Picture the less glamorous room in this deal.

Not a launch event. Not a shiny render of a future data-center campus. A site-planning desk with utility notes, fiber routes, cooling assumptions, and a spreadsheet asking the same boring question over and over: how quickly can this building be made sellable to a real tenant?

That is where the money is made or lost.

If an older telecom-heavy property already has fiber access, usable power, and a plausible route to higher-density retrofits, it can become an AI infrastructure asset long before a new campus comes online. The buyer is not just underwriting square footage. The buyer is underwriting conversion speed.

This is why the phrase "closer to end-users" in the Reuters report matters more than the purchase price. It signals that part of the AI trade is moving from heroic training clusters into distributed inference plumbing.

##Who Benefits From The Recycling Trade

The seller's side is just as important.

Cogent is not selling because data centers have stopped being attractive. It is selling because these facilities may be more valuable to a specialist operator than inside a bandwidth company managing leverage.

On Cogent's May earnings call, management said proceeds from data-center sales would help rapidly delever the borrower group. That creates a neat handoff: Cogent sees non-core assets that can repair the balance sheet; I Squared sees latency-ready inventory that can seed an AI infrastructure platform.

Same buildings. Different owners. Different math.

The beneficiaries are not only obvious AI names. The second-order winners can include:

  • infrastructure funds that can buy technical real estate before public investors relabel it as AI exposure,
  • operators that know how to add cooling, power density, and interconnection without wasting two years,
  • and customers that need inference capacity sooner than a new campus can be delivered.

The losers are the investors still treating every data-center story as one giant category.

##What Investors Should Watch Next

The cleanest test is not whether more companies say "AI data center" in a press release.

The test is whether older assets start changing hands at prices that assume retrofit value, faster lease-up, and higher-density workloads. Former telecom sites, carrier hotels, regional colocation properties, and underloved technical buildings can all be repriced if they sit in constrained markets with usable power and interconnection.

That does not mean every old facility becomes an AI gold mine. Some buildings will fail the cooling math. Some will be trapped by utility timelines. Some will need more capital than the tenant economics justify.

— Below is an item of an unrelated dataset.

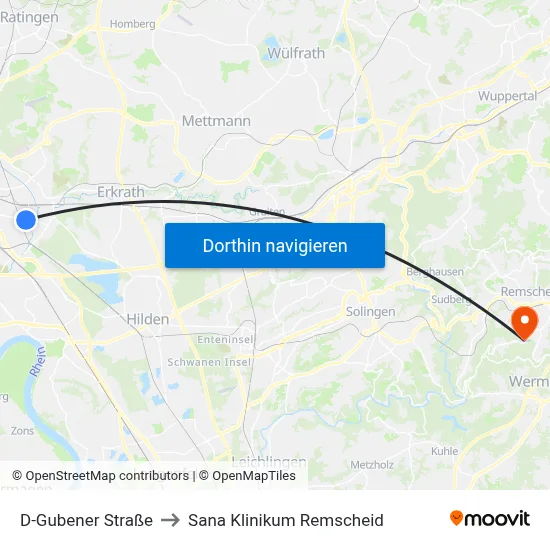 D-Gubener Straße to Sana Klinikum Remscheid map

But the direction is clear enough: AI infrastructure is maturing from a pure buildout story into an asset-conversion market.

The next AI capacity trade may not start with new land. It may start with somebody else's overlooked building.

##FAQ

#Why does I Squared's Cogent data-center deal matter?

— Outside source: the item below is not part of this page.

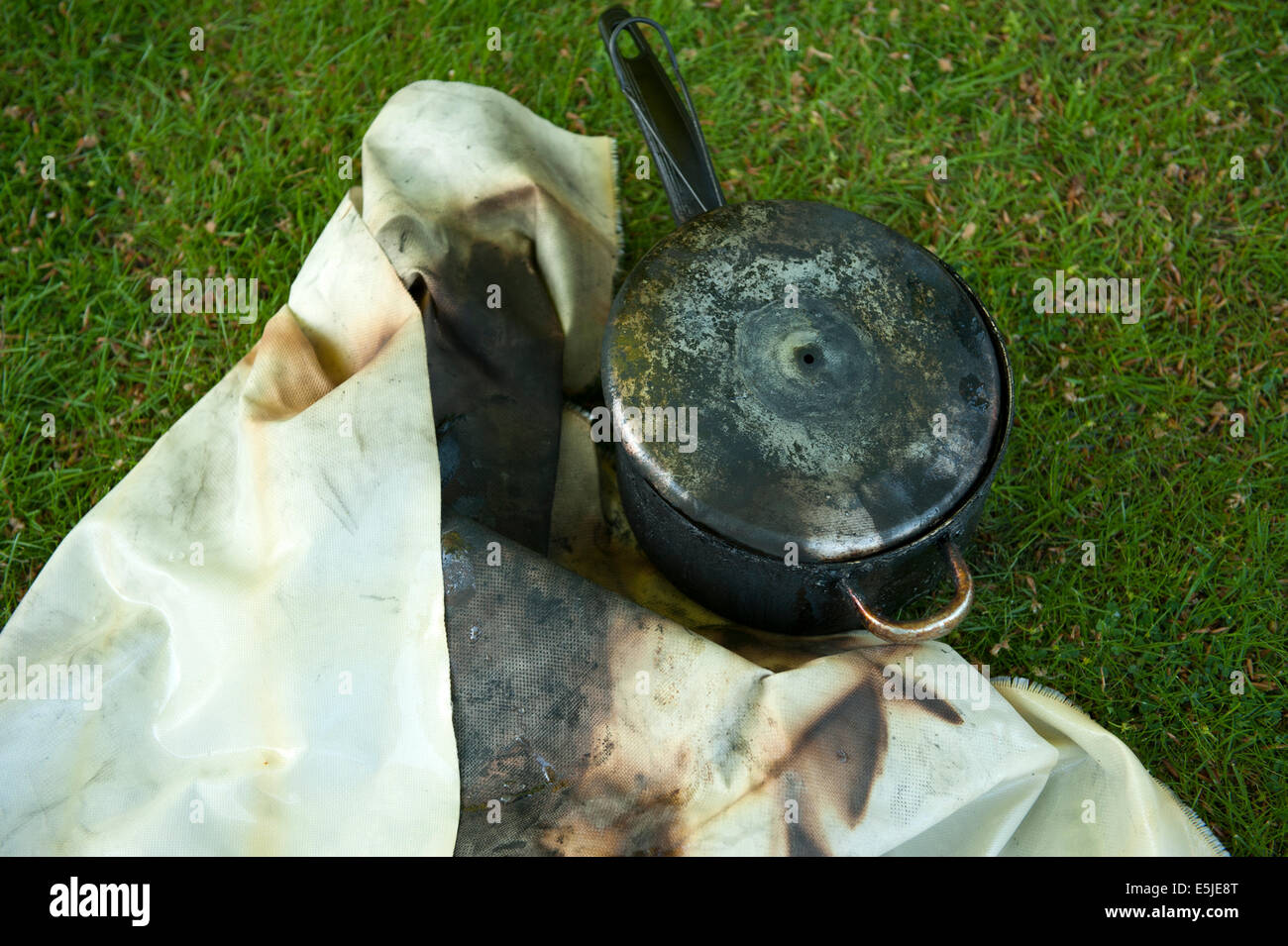 Coperta antincendio soffocare Chip Pan Fire bruciato cucina Foto Stock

It matters because it shows AI inference demand can reprice existing telecom and colocation facilities, not just new hyperscale campuses. The financial mechanism is asset conversion: buy older technical real estate, upgrade it, and sell faster usable capacity.

#What is AI inference in business terms?

AI inference is the recurring use of trained AI models in real applications. In infrastructure terms, it can reward distributed data centers with power, cooling, and fiber near customers rather than only massive training campuses.

#What is the main risk in this trade?

The risk is that retrofit economics do not work. If power upgrades, cooling, utility queues, or tenant demand disappoint, an "AI-ready" building can become just another expensive real-estate project with better marketing.